Léo Magnin indique aussi que « ce remembrement catalyse énormément de critiques, à raison […]. La focalisation sur le remembrement permet d’ordonner le temps, avec un avant et un après. Mais d’un autre côté, ce récit empêche de saisir ce qui se passe aujourd’hui, ce que montre le géographe Thibaut Preux : on perdrait aujourd’hui 20.000 km de haies net par an, non en raison d’opérations de la puissance publique, mais à cause de transactions et d’arrangements de gré à gré, qui passent sous le radar. »
I.L. : Je trouve ça un peu provocateur, parce qu’en fait, personne ou presque ne parle du remembrement : le sous-titre de la bande dessinée c’est l’histoire enfouie du remembrement, parce qu’il n’y a eu aucun travail académique sur les résistances au remembrement ou les traumatismes qu’il a engendré.
Dans les 20.000 km de haies qui disparaissent chaque année, une très grande part reste liée à des aménagements du territoire, que ce soient les aménagements routiers, le déploiement de la fibre… Beaucoup de bocage disparaît aussi, c’est vrai, en raison de l’agrandissement des fermes : la disparition des agriculteurs favorise le regroupement des exploitations et l’arasement des talus. Avec des retournements étonnants, puisque certains agriculteurs se retrouvent, en raison de ces agrandissements successifs, avec des parcelles éloignées, dans différentes communes…
Là où je suis d’accord avec Léo Magnin, c’est que défendre les haies dans un monde où la paysannerie a disparu, c’est presque prendre le problème à l’envers.
Justement, Léo Magnin dit que persistent aujourd’hui, de la part de l’État et de ses différentes structures, des politiques antagonistes, voire contradictoires : d’une part favoriser la plantation de haies, d’autre part maintenir des politiques favorables à l’agriculture intensive. Le résultat est absurde, puisqu’en deux ans, on a planté ce qui disparaît en quatre mois. Est-ce que sur la longue durée du remembrement, on a eu le même type de politiques brouillonnes, ou un consensus plus général au niveau de l’État ?

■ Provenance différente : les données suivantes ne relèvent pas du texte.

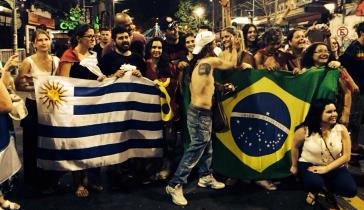 Anhänger der Frente Amplio in Montevideo feiern die Wahlsiege von Tabaré Vázquez in Uruguay und Dilma Rousseff Brasilien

I.L. : Dans les années 1950 et 1960 des députés, notamment communistes et socialistes, ont tenté de défendre les paysans victimes du remembrement et insistaient sur la violence subie par les populations ; puis, à partir des années 1970 sont arrivées les alertes sur les conséquences écologiques dramatiques du remembrement, et René Dumont, qui allait devenir le premier candidat écologiste à l’élection présidentielle, en parle. Mais au sein du gouvernement, on a bien l’impression d’une unanimité.
Et surtout, le remembrement a installé des institutions et des entreprises dans le paysage. Ces intérêts divers, les cabinets de géomètres, les offices notariaux, les ingénieurs du génie rural, les entreprises de travaux publics qui se sont endettées pour acheter des bulldozers, revendiquent le droit de poursuivre leur travail. Elles vont même former un lobby à l’échelle des Côtes d’Armor : l’Association pour la promotion du remembrement.
Tout récemment, l’Afac-Agroforesterie appelle à sauver le plan haies, au moment où le projet de budget pour 2025 prévoit une baisse de 72 % de son budget. Et l’association Cyberacteurs propose aux citoyens de saisir leurs députés pour alerter sur la disparition des haies. La préservation des haies, ce serait notre affaire à tous ?
I.L. : Si on veut vraiment protéger les haies et les arbres, il faut encourager un modèle agricole auquel elles sont liées, comme l’élevage extensif, l’agriculture à petite échelle, l’installation de nouveaux agriculteurs sur des fermes moins endettées et plus diversifiées. C’est un programme politique urgent, et c’est ça qui fait sens.
Au Port-Musée de Douarnenez, on a récemment passé le diaporama de Félix et Nicole Le Garrec, « Le remembrement », qui date de 1974. Est-ce qu’après l’adaptation des « Algues vertes » au cinéma, on aura l’adaptation de « Champs de bataille », l’épopée d’une guerre, ou du plus grand plan social de l’après-guerre ?
I.L. : Franchement, j’adorerais : partir sur un film d’époque et aller encore plus loin dans la reconstitution de ce qui s’est passé, ce serait passionnant.